▶ [PROBLEM DETAILS] The lines needed run from the one that contains "exercise area with" through the end of the material below, both included; write them out exactly, with no pictures.

▶ [THE INPUT]

Start of Block

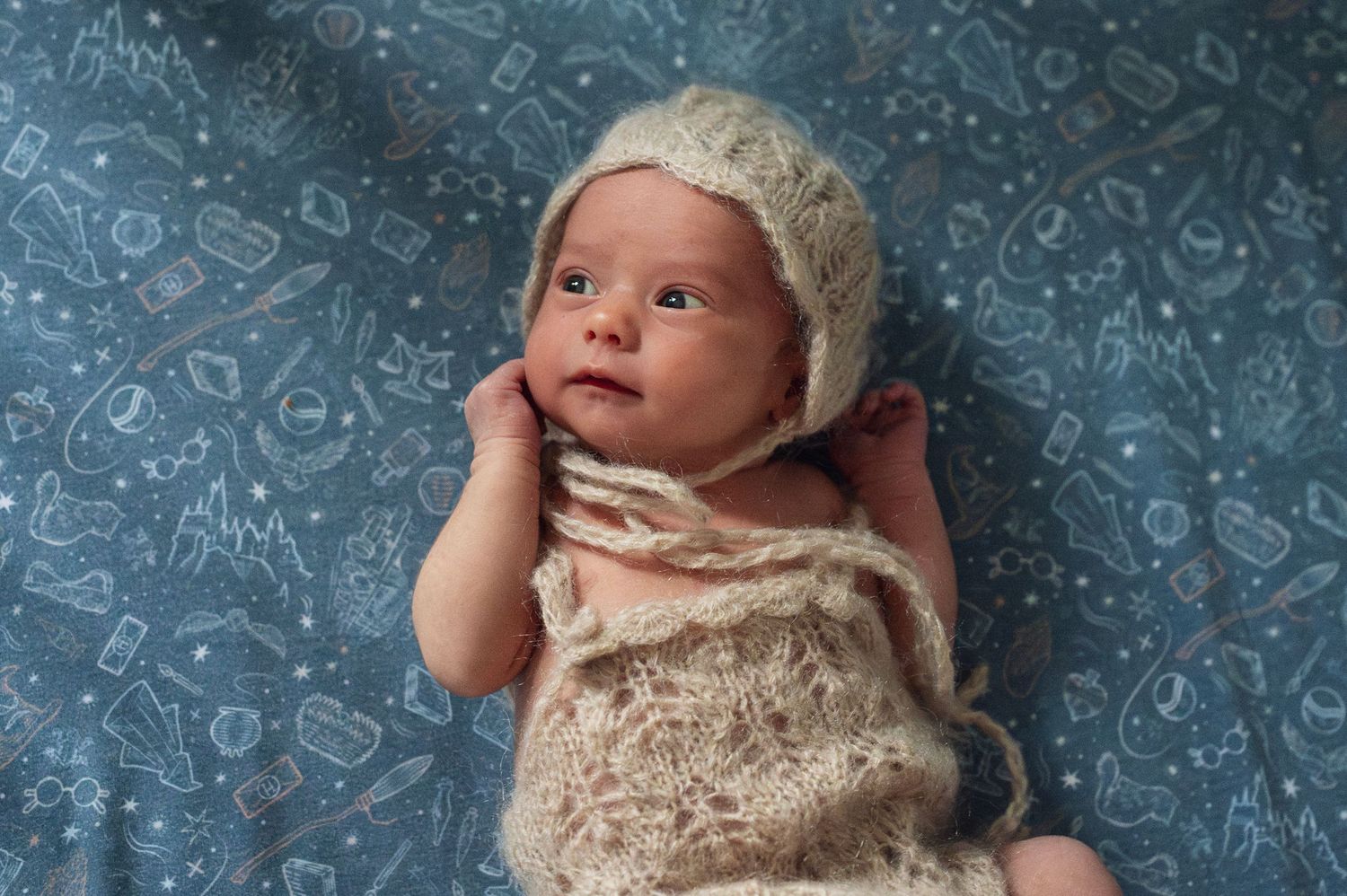 Awake newborn in a knitted bonnet lying on a whimsical, illustrated blanket during a home photo session.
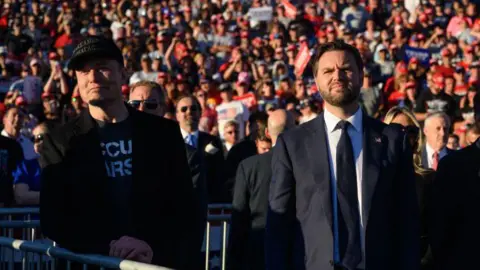 Getty Images Elon Musk and JD Vance look ahead, in front of a crowd, with sun on their faces.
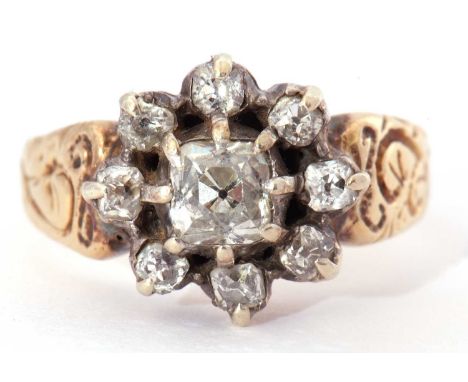 Diamond cluster ring centering an old cushion cut diamond surrounded by seven small old cut diamonds by a further seven small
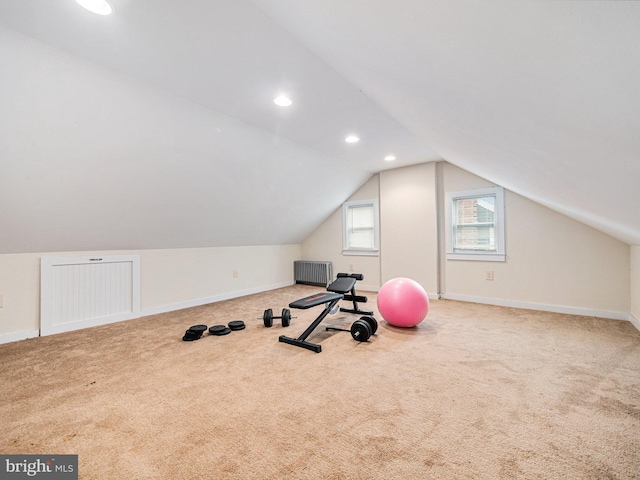 exercise area with lofted ceiling, carpet, baseboards, and recessed lighting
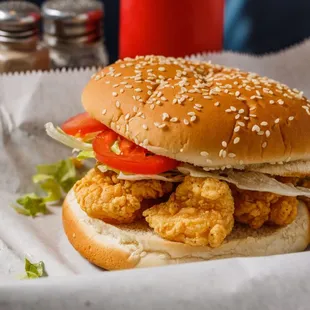 a chicken sandwich with lettuce and tomatoes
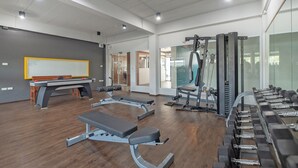 A modern gym with exercise equipment, a whiteboard, and a wooden table.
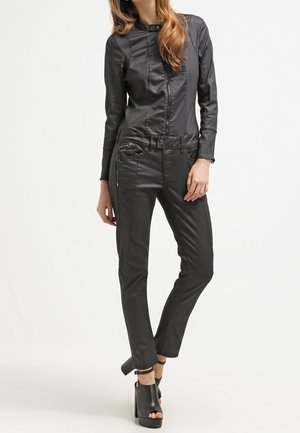 Femme portant une veste et un pantalon moulants en similicuir noir avec des bottines noires à talons ouverts, debout, une jambe croisée.
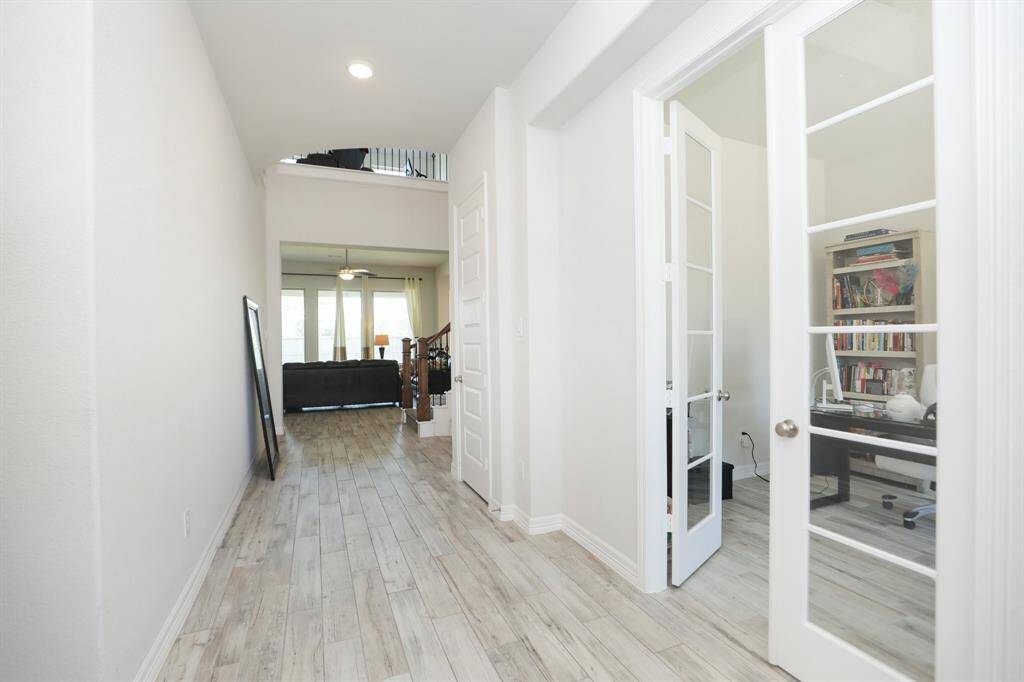 View as you enter the house, office with french doors on your right as you enter.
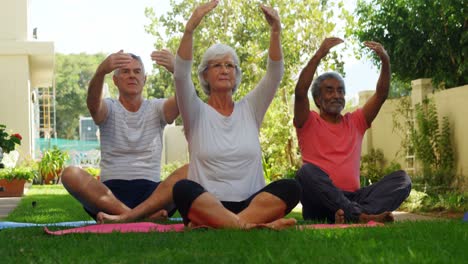 senior friends performing yoga in garden 4k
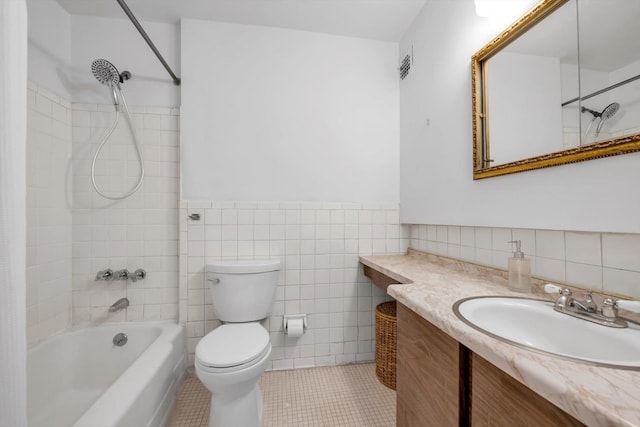 25 Chapel Pl Unit 3N, Great Neck, NY 11021 - bathroom with shower / tub combo, tile walls, toilet, tile patterned flooring, and vanity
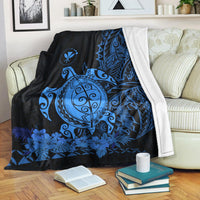 Polyneisan-style blue sea turtle blanket draped over sofa, floral leaf border pattern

End of Block

▶ [ANSWER SECTION]
 exercise area with lofted ceiling, carpet, baseboards, and recessed lighting
 a chicken sandwich with lettuce and tomatoes
 A modern gym with exercise equipment, a whiteboard, and a wooden table.
 Femme portant une veste et un pantalon moulants en similicuir noir avec des bottines noires à talons ouverts, debout, une jambe croisée.
 View as you enter the house, office with french doors on your right as you enter.
 senior friends performing yoga in garden 4k
 25 Chapel Pl Unit 3N, Great Neck, NY 11021 - bathroom with shower / tub combo, tile walls, toilet, tile patterned flooring, and vanity
 Polyneisan-style blue sea turtle blanket draped over sofa, floral leaf border pattern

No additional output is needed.